The narrator of Baldur’s Gate 3 has given their answer to the heated debate about which Dungeons & Dragons is the best.
Released out of early access earlier this month, Baldur’s Gate 3 is a D&D-adjacent video game that has players travelling across the Forgotten Realms as a party of adventurers. The third in a series of video games that began with the original in the late 1990s - developed by Dragon Age studio Bioware – Baldur's Gate 3 was created by Larian Studios, the company behind the Divinity series.
The video game enables players to either pick from a selection of pre-made characters, or create their own by choosing from various playable species and classes.
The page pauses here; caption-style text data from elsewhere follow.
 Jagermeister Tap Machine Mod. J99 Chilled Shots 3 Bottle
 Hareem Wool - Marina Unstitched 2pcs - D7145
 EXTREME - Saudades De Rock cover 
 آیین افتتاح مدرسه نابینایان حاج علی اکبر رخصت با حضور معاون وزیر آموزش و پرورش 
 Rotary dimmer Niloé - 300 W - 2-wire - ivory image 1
Baldur’s Gate 3 features a version of every class found in the Player’s Handbook for Dungeons & Dragons 5E, with players able to choose from options like rogues and warlocks – as well as various subclasses as their character levels-up. Players are even able to specialise in multiple classes if they want to.
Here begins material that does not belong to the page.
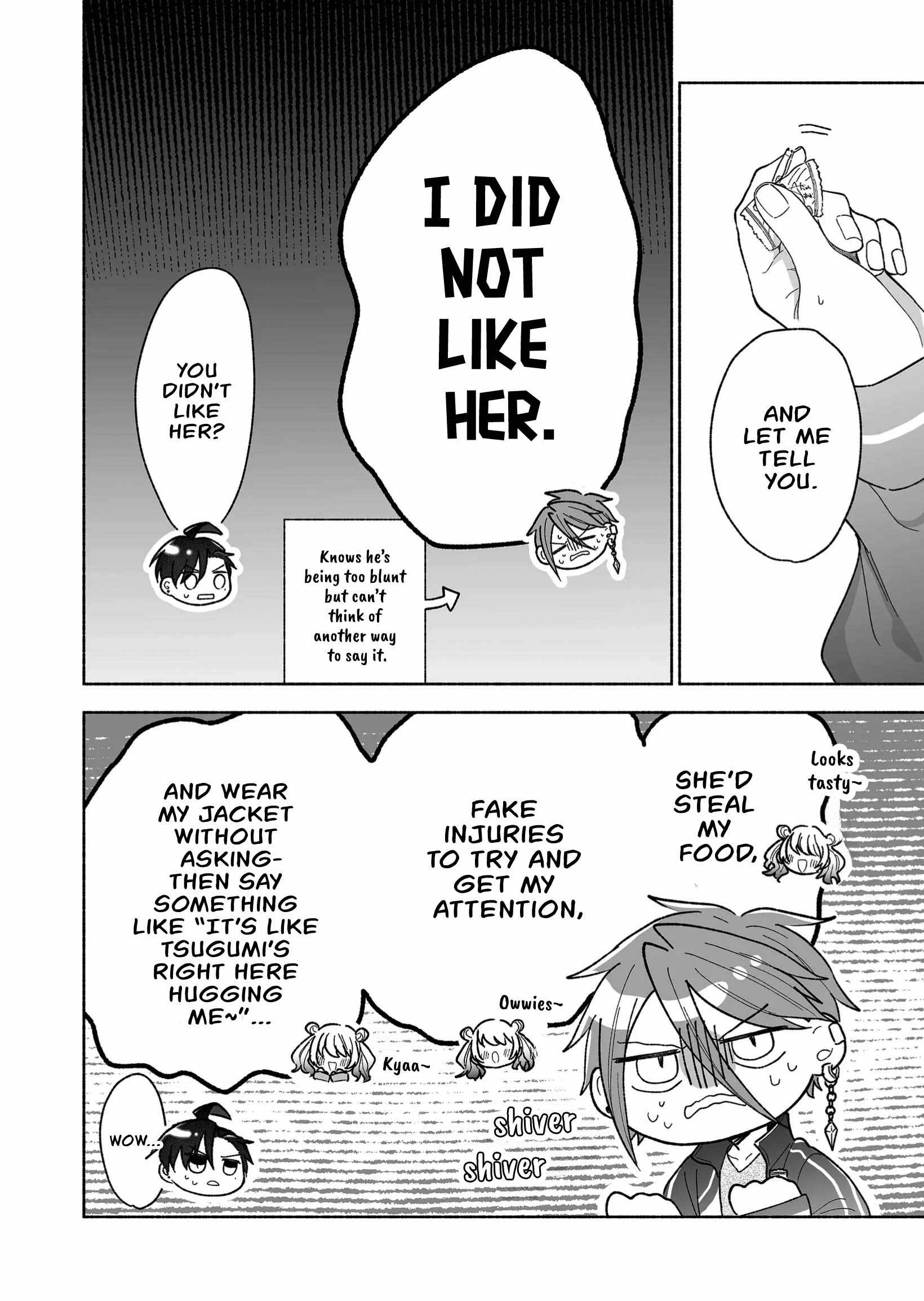 Kakkoii Onnanoko to 12-centi no Yakusoku Chapter 40 - Page 6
Each class from the original tabletop roleplaying game offers players their own unique playstyle, with some – such as the sorcerer or wizard – focusing more on casting spells, while others, like the barbarian and fighter, are more geared towards wielding weapons. In amongst those two main approaches are classes that cross over between them, like paladins and rangers, and some that provide a completely different experience altogether – like druids and monks.
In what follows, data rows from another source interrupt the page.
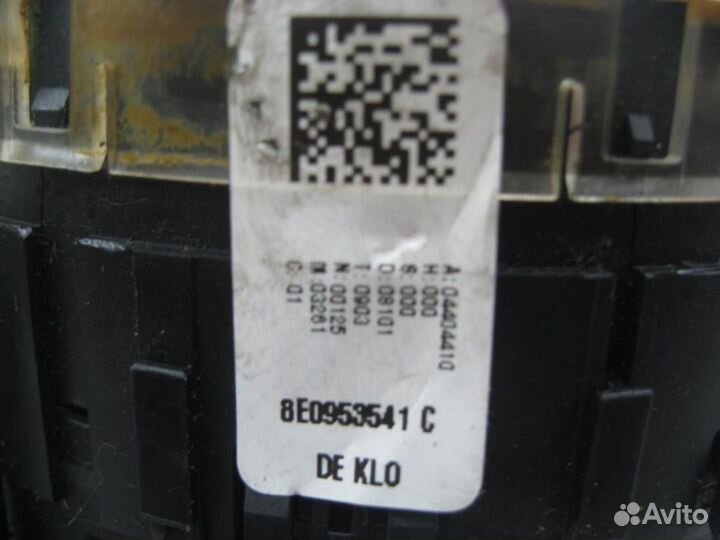 Шлейф рулевой Audi A4 B6 2002 8E0953541C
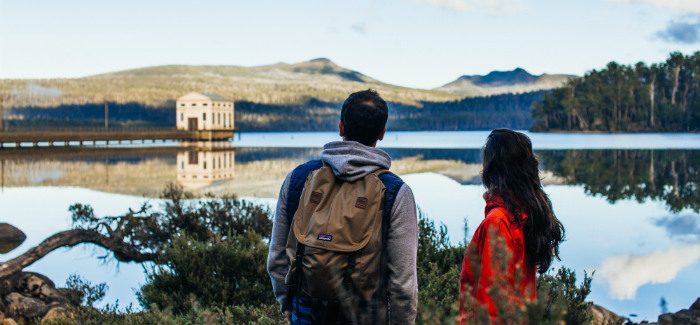 Pumphouse Point in Lake Saint Clair, TAS — photo 3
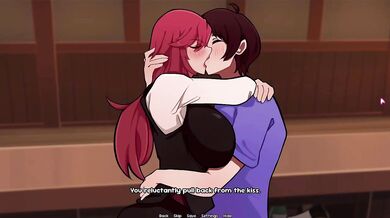 Hot Bartender Kissed Me in Bubbles And Babes - Sex Game Gameplay Part 8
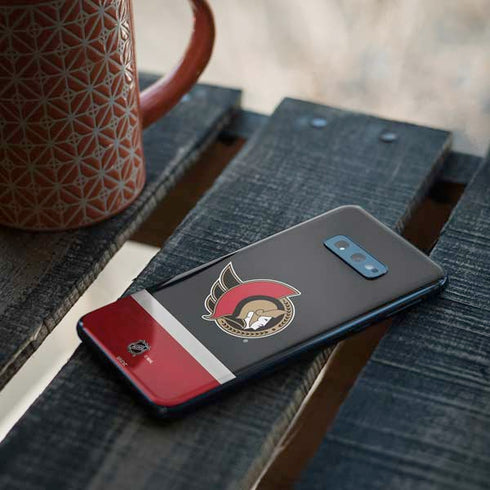 NHL Ottawa Senators Jersey Galaxy S10e Skin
In an interview with Dicebreaker, Amelia Tyler, the actor behind the role of narrator in Baldur’s Gate 3, and a regular TRPG player, revealed what they thought the best class in D&D was.
“I have never played this class,” Tyler admitted, “I want to, I think it’s just a confidence thing.” The actor then confirmed that they believed that the bard was the best class in the fantasy tabletop RPG. Best known for their proficiency with musical instruments, ability to inspire their allies – thereby buffing their rolls – and high charisma ability score, bards are considered to be the most utilitarian class choice in Dungeons & Dragons.
“I think it’s bard,” said Tyler, “that’s my favourite because you can have a lot of fun with it. It’s very verbal and there’s singing involved, which is usually something I don’t get involved with, but just seeing a little musical scoundrel work their way around the world is great.” Tyler continued: “The bards I’ve seen play do it was such a sense of joy and I love watching that. It makes it so much more heartbreaking if they ever go through something bad.”
“It encourages you towards some really creative problem solving as well. I loved voicing lines when great things like that [passing a persuasion check to avoid combat] happened because there were some great reactions. Once in a blue moon the gods decided you were the best thing in the world.”